July 24 2014 Latest news:
Thursday, December 20, 2012
The future of public services across the region are in doubt as the government’s latest multi-million pound spending cuts confirmed councils’ worst fears.
Communities secretary Eric Pickles yesterday revealed government settlements and grants to fund council services in 2013/14, as part of his attempts to change how local authorities pay for their services.
Norfolk County Council expects it will need to make £37m of cuts from April. This is on top of the £105m the authority has already saved since 2010, which has included axeing youth services and placed day care centres under threat.
Great Yarmouth Borough Council also looks set to be the hardest hit authority in the country when the coalition government’s transition fund, to help it adapt to the changes, is sliced by around 30pc next year.
It has already predicted cuts of £10m in the next three years.

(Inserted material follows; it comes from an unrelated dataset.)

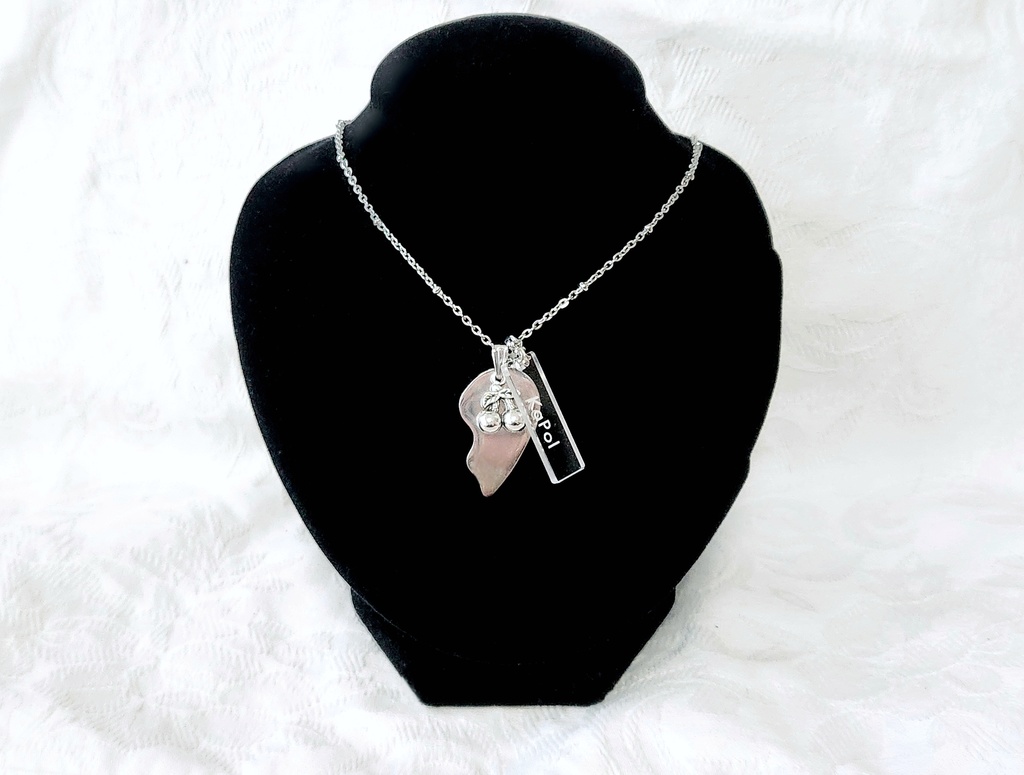 花京院×ポルナレフモチーフシルバーカラーネックレス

Elsewhere, South Norfolk District Council insisted it anticipates “no cuts next year”.
At North Norfolk District Council (NNDC), leader Tom FitzPatrick, said: “It looks like the spending review for 2014/15 will reveal much greater cuts, which will pose some serious questions regarding how this and other local authorities conduct their business.
“NNDC runs a tight financial ship, has no debts and is already developing areas that could raise significant income, but with further spending cuts anticipated we are planning to consult with the people of north Norfolk in the spring as to where they would like the council to concentrate its future efforts and its budget.”
It was a day of number-crunching for councils as the Department for Communities and Local Government (DCLG) released several figures on future spending.
This included “spending power” data, which includes grants from central government, council tax and bonuses for building new houses.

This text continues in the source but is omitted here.